First-rate Americana from director Henry King (Americana his specialty), the best adaptation of Philip Stong’s novel*, showing real connection & deep feeling for terrain & the human comedy/zero condescension to rural folk. Hard to find good DVD or streaming options, but even compromised visuals can’t fail to capture the warmth of Janet Gaynor, Will Rogers, Louise Dresser & Norman Foster’s farming family, off to the annual State ‘do,’ where the young adults will court romance (fleeting or permanent) while the parents enter pickles, ‘spiked’ mincemeat & a world class hog for prizes. (For modern audiences, it's the best introduction to Rogers, who can be a pokey, if richer character in his John Ford films.) And everyone glowing from within under Hal Mohr’s honeyed lensing. Mohr, Mary Pickford’s cinematographer after her split with Charles Rosher, does wonders for Gaynor, making her chance-meeting & romance with that nice young Lew Ayres an enchantment. So’s the whole film.
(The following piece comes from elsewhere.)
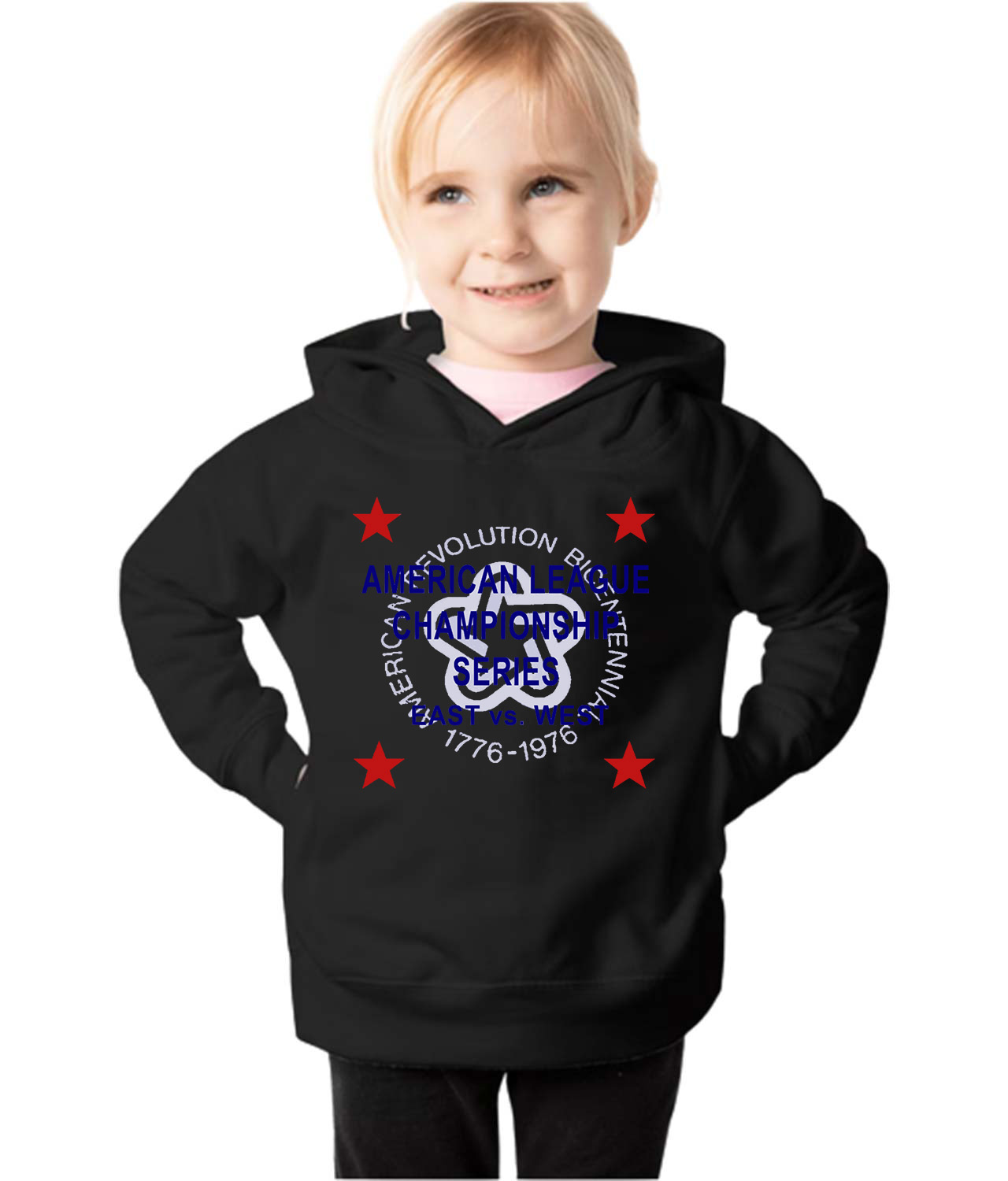 1976 American League Championship Series East Vs. West ALCS Baseball Logo Symbol Emblem Customized Design on Toddler Pullover Fleece Hoodie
DOUBLE-BILL: *Stong’s other film adaptation in ‘33, another rural romance from another filmmaking ‘King,’ director King Vidor, his masterful, criminally unheralded THE STRANGER’S RETURN/’33.
ATTENTION MUST BE PAID: *Remake #1: Rodgers & Hammerstein's 1943 film musical with pleasing songs and one real classic (‘It Might as Well Be Spring’) gives off an antiseptic Iowa-via-B’way vibe, shiny & TechniColor bright; while a Texas-set 1962 remake of that version misses on every level.